Try it: The expected answer is the set of lines in the data below between the line holding "New 2026 Cadillac" and the line holding "百易長青-多功能環衛高壓清洗車培訓現場 電動高壓清洗車", inclusive, written out exactly.

====== Data for the task

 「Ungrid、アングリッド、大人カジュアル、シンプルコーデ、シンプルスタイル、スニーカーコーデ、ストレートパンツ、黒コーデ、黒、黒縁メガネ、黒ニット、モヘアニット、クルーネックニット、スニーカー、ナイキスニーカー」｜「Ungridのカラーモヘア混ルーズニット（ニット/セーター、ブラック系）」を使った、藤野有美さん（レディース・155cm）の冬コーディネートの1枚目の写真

============
====== Data for the task

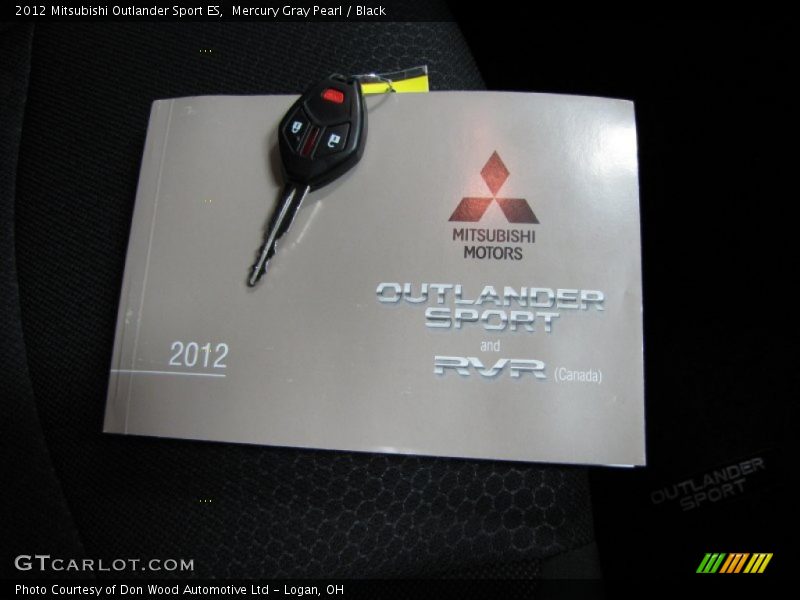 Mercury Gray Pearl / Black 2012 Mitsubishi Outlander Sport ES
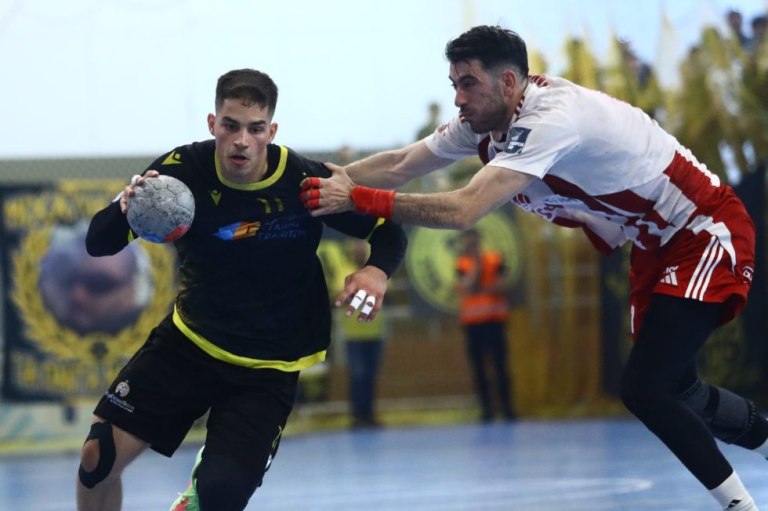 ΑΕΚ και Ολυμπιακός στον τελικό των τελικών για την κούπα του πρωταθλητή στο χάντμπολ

============
====== Data for the task

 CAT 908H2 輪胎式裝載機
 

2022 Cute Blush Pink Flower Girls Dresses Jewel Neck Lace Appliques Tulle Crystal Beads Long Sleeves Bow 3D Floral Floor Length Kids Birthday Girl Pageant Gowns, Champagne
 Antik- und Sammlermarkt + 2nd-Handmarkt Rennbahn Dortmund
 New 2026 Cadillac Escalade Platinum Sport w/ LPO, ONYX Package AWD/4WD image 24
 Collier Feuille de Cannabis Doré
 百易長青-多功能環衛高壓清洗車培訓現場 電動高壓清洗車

============

Answer section:
 New 2026 Cadillac Escalade Platinum Sport w/ LPO, ONYX Package AWD/4WD image 24
 Collier Feuille de Cannabis Doré
 百易長青-多功能環衛高壓清洗車培訓現場 電動高壓清洗車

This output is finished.